Shorter (6-4, 3-3) comes up just short in its bid for a second conference title. A win on Saturday for Shorter would have resulted in a four-way tie for the West Division crown.
But costly mistakes at inopportune times doomed a Shorter team that outgained Bethel 299-278 and held onto the football for seven minutes longer than the Wildcats.
Bethel got on the board first when Anthony Debonis scooped up a punt blocked by Kyle Whiteman and returned it 16 yards for a 7-0 lead.
For the third time this year, a team returned the second half kickoff all the way for a score -- this time it was Bethel's Patrick Mann that raced 90 yards to paydirt to open the third quarter and put the Wildcats up 21-13.
The final momentum swing came when Shorter's Brandon Morten was stuffed on a fourth and two from the Bethel 5 late in the third quarter, a turnover on downs that Bethel turned into a 14-play, 92-yard scoring drive capped by Mann's 4-yard run that staked the Wildcats an insurmountable 28-13 lead with 13:17 remaining in the fourth period.
"The blocked punt hurt and the kickoff return hurt," said Jones. "They ran a twist on that punt that we hadn't seen before and then we give up a kickoff return after our kids came out excited for that second half.
"Not making it on that fourth down is my fault," Jones added. "We have to be able to put our kids in a position to make that play. I feel responsible for that, but I am so proud of this team and its effort."
The Hawks made one final push in the fourth quarter when Cory Thacker connected with Collin Wooddy on a 4-yard TD pass with 6:16 left to draw Shorter within 28-20, but Bethel embarked on a 10-play, 89-yard drive -- the drive was kept alive by a 28-yard completion from quarterback Wil Masoud to Michael Newbern on a third and three from the Bethel 32 -- capped by Tim Donegan's 36-yard field goal with 1:42 left to put the Wildcats ahead 31-20.
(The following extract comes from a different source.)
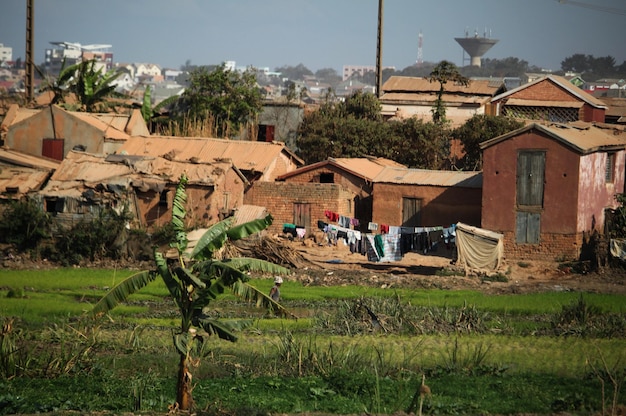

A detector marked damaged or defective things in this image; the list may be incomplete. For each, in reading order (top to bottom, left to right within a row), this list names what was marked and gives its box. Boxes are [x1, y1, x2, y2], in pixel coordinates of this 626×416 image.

rusty metal roof [378, 76, 500, 95]
rusty metal roof [478, 122, 624, 154]
rusty metal roof [118, 136, 304, 174]
rusty metal roof [372, 167, 480, 188]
C.J. Scott led Shorter offensively with 54 yards on 12 carries. He scored on a 25-yard run with 21 seconds left in the first quarter to tie the game at 7 and senior David Byrd scored on a 5-yard run with 3:12 left in the first half to give Shorter its first lead at 13-7.
But Mann, who picked up 5.4 yards a carry and became just the second running back to eclipse 100 yards rushing on the Hawks this season, scored from a yard out on fourth and goal with 17 seconds left until halftime to give Bethel a 14-13 lead it would never relinquish.
Bethel improved to 4-2 all-time against Shorter and reversed the fortune of the 2008 showdown between the two teams. Shorter won a 7-0 slugfest in Tennessee three years ago on the final day of the regular season to win its first conference championship and advance to the national playoffs.
It wasn't in the cards for the Hawks on this day. Masoud completed 13 of 15 passes for 140 yards and was a main reason for Bethel's 6-for-12 efficiency on third downs. Shorter sacked Masoud three times -- senior Daniel Hazard had two of those sacks -- but the 6-foot-7 signal caller made the throws when he had to and Bethel rode the legs of Mann to an outright conference championship.
Playing in his final game as a Hawk, Hazard made a career-high 15 tackles. Junior Demery Hawkins finished with 11 stops and concludes the season with 110 tackles, the second-highest single-season total in program history behind Logan Lollis' 113 tackles during Shorter's championship run in 2008.
Although Shorter's aspirations of another conference championship weren't realized on Saturday, Jones was plenty proud of what this team accomplished and is looking forward to what the future holds.
"We have so many leaders on this team that carried on the tradition we are building here," said Jones, reflecting on Shorter's fifth winning season in seven years as a program. "I think we will bounce back and be a good football program. It will be a tough road in respect to where we are going next.
"It is unknown territory at this point, but as long as we have the kind of kids we do, we will put it all together and keep going."